• **EXERCISE AIM**
No pictures, nothing altered: return the data below.
Start of DATA SECTION
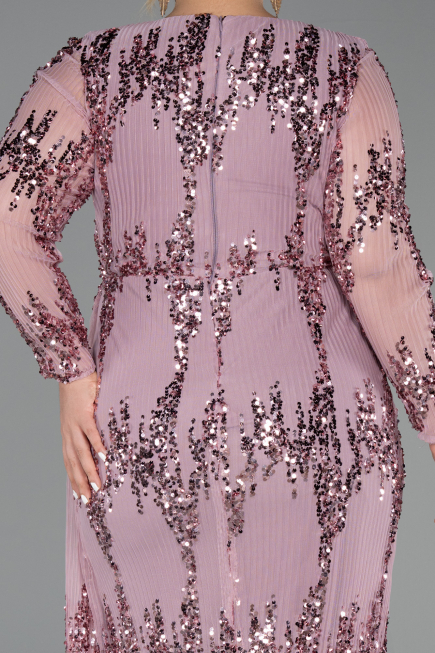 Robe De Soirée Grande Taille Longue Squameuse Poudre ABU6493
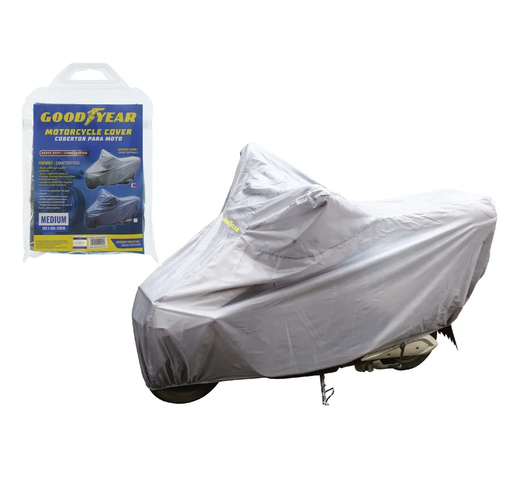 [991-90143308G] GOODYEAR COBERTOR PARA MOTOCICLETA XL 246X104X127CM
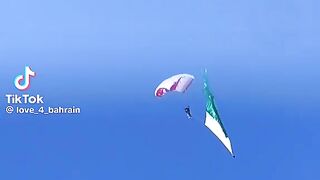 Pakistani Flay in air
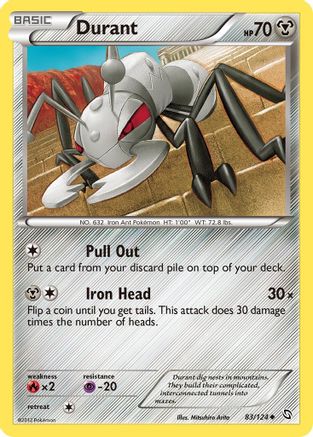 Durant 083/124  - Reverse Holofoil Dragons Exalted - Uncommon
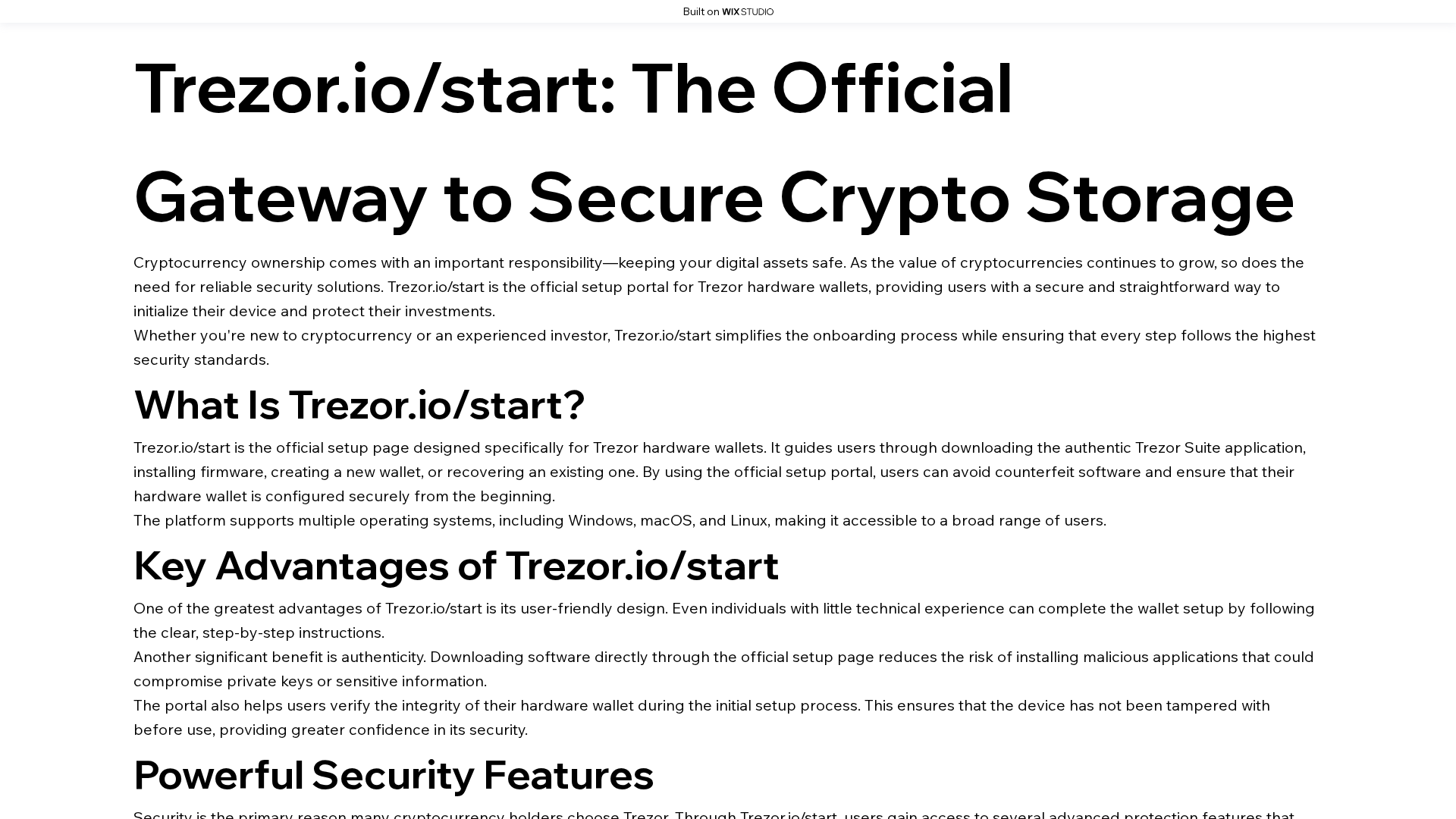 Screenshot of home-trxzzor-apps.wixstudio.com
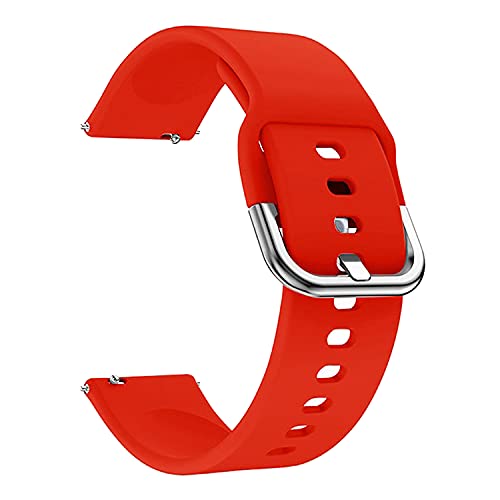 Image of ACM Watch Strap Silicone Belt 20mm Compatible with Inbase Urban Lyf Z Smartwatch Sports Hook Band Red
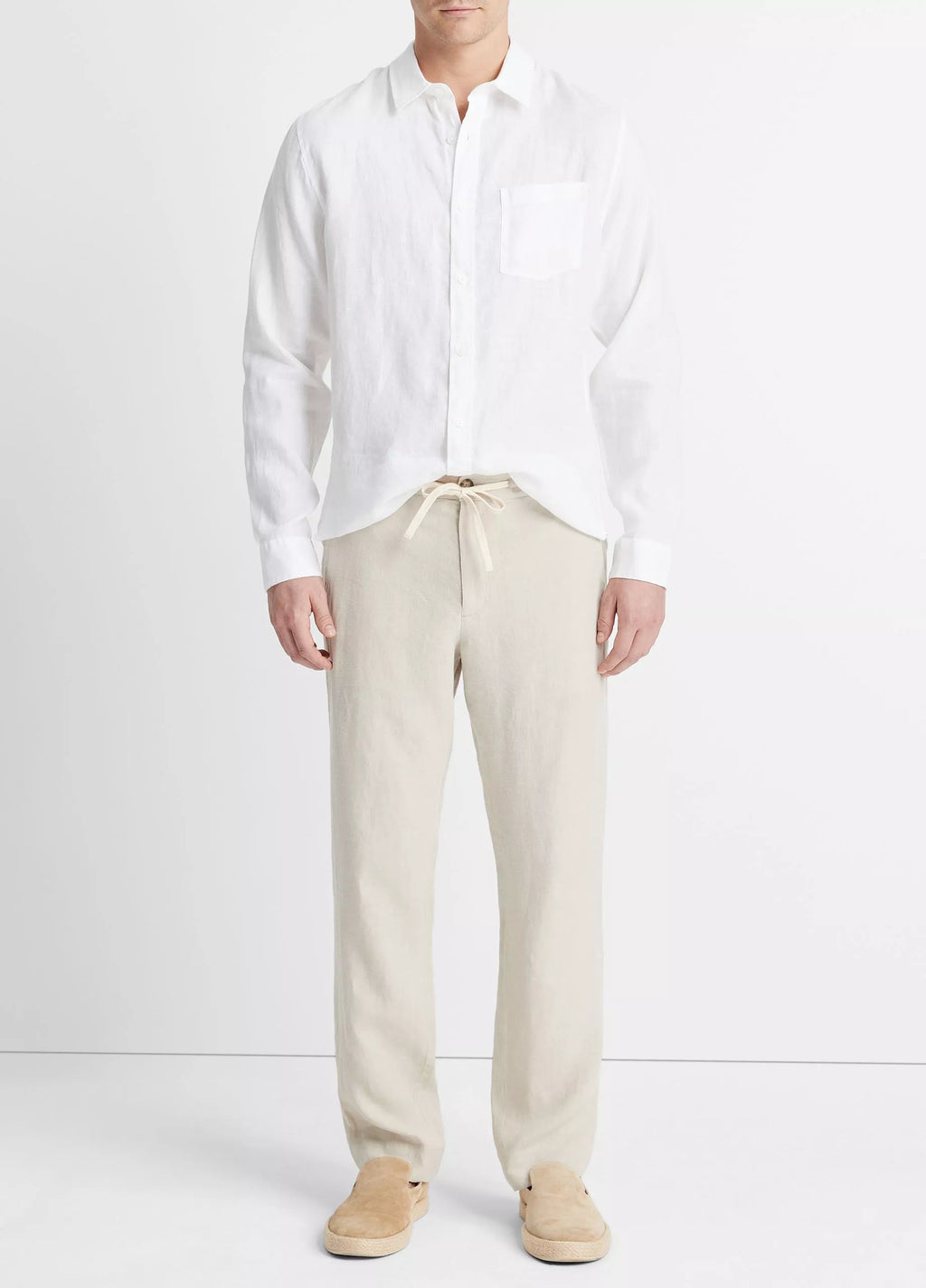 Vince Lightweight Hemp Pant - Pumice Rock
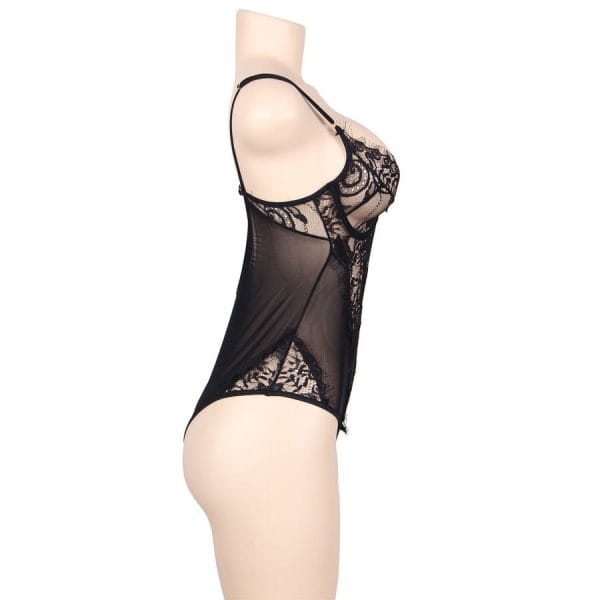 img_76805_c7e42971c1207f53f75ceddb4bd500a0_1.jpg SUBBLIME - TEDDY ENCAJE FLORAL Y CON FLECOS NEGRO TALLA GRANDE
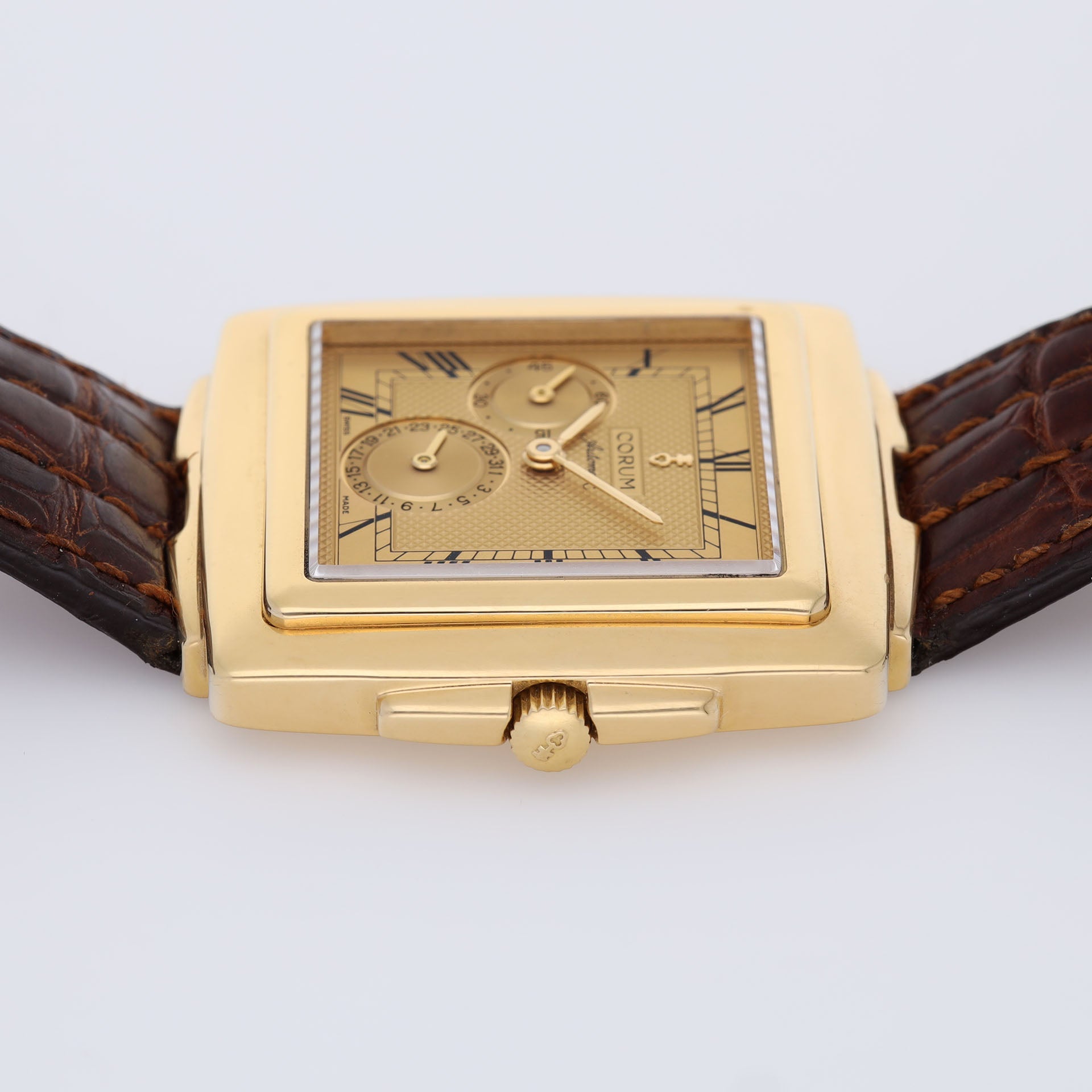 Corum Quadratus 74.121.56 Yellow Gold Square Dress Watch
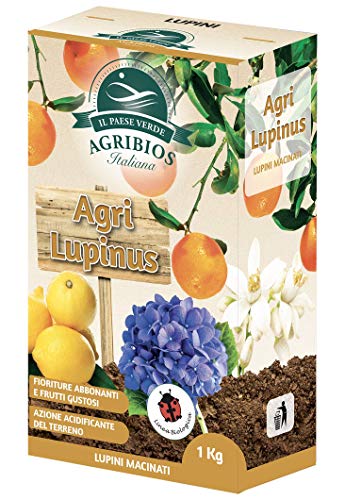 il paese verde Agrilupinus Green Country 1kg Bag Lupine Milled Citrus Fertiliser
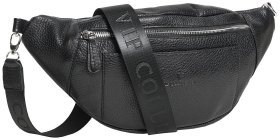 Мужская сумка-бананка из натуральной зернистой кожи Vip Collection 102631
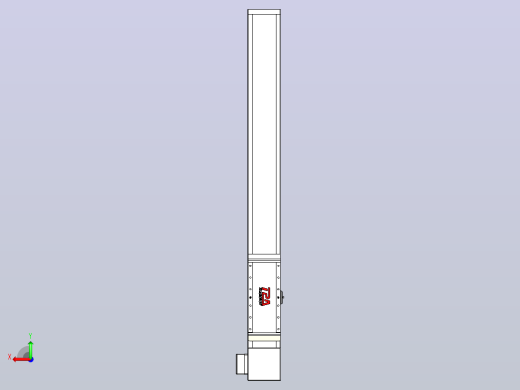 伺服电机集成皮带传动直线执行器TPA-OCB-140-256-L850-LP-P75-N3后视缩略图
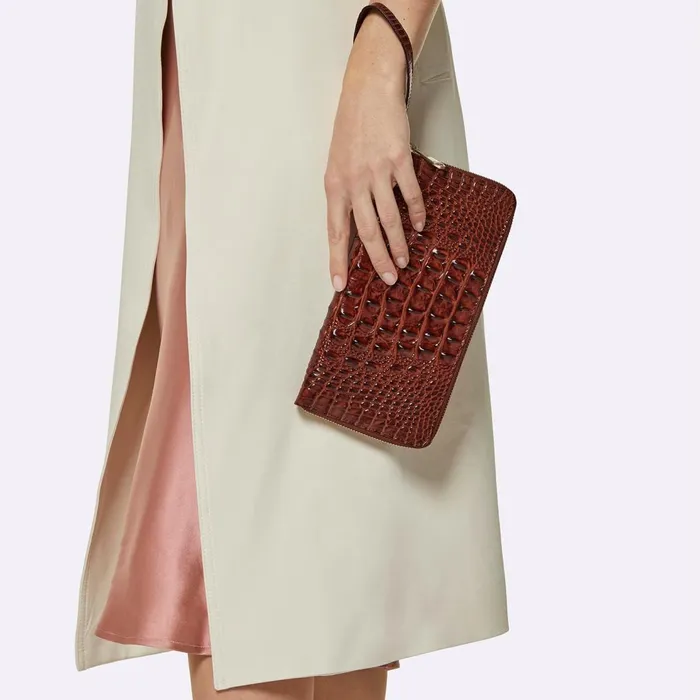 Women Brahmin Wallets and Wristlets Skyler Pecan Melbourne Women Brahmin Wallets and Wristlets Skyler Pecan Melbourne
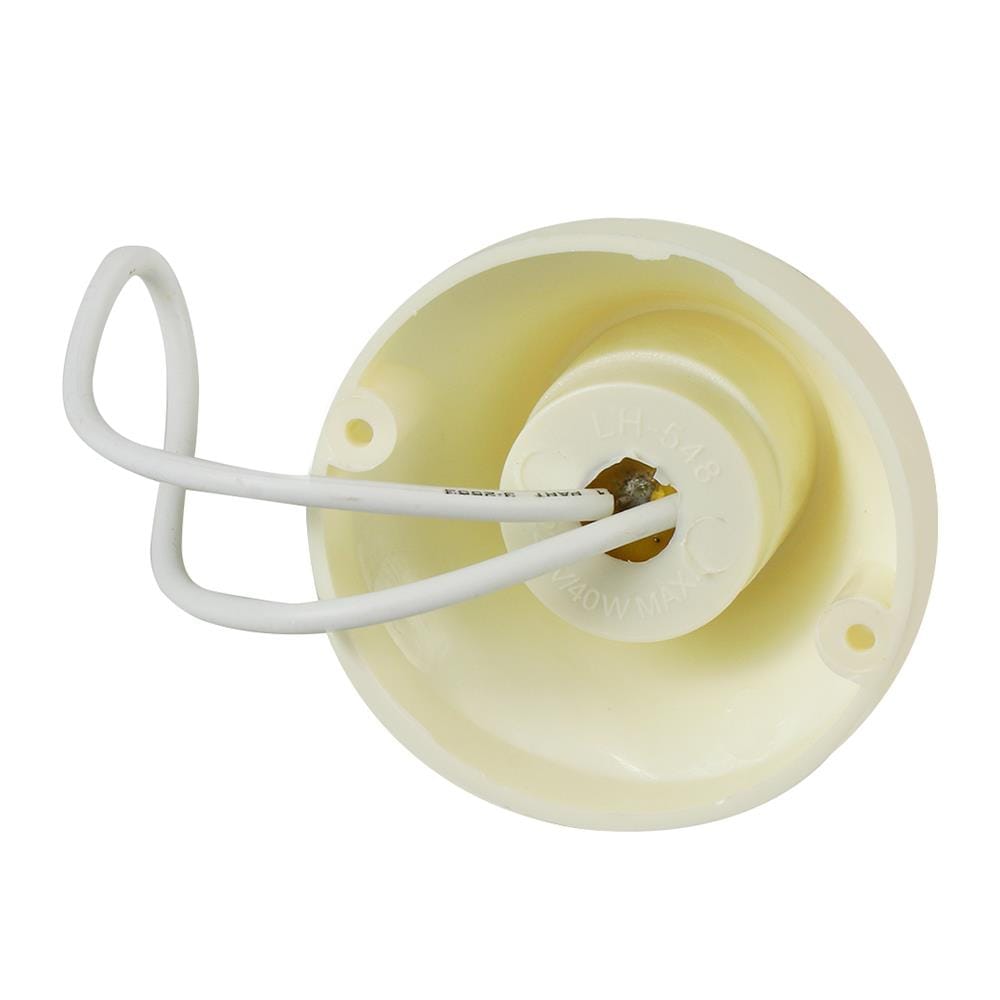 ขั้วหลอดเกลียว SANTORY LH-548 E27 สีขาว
End of DATA SECTION
• **REPLY**
 Robe De Soirée Grande Taille Longue Squameuse Poudre ABU6493
 [991-90143308G] GOODYEAR COBERTOR PARA MOTOCICLETA XL 246X104X127CM
 Pakistani Flay in air
 Durant 083/124  - Reverse Holofoil Dragons Exalted - Uncommon
 Screenshot of home-trxzzor-apps.wixstudio.com
 Image of ACM Watch Strap Silicone Belt 20mm Compatible with Inbase Urban Lyf Z Smartwatch Sports Hook Band Red
 Vince Lightweight Hemp Pant - Pumice Rock
 img_76805_c7e42971c1207f53f75ceddb4bd500a0_1.jpg SUBBLIME - TEDDY ENCAJE FLORAL Y CON FLECOS NEGRO TALLA GRANDE
 Corum Quadratus 74.121.56 Yellow Gold Square Dress Watch
 il paese verde Agrilupinus Green Country 1kg Bag Lupine Milled Citrus Fertiliser
 Мужская сумка-бананка из натуральной зернистой кожи Vip Collection 102631
 伺服电机集成皮带传动直线执行器TPA-OCB-140-256-L850-LP-P75-N3后视缩略图
 Women Brahmin Wallets and Wristlets Skyler Pecan Melbourne Women Brahmin Wallets and Wristlets Skyler Pecan Melbourne
 ขั้วหลอดเกลียว SANTORY LH-548 E27 สีขาว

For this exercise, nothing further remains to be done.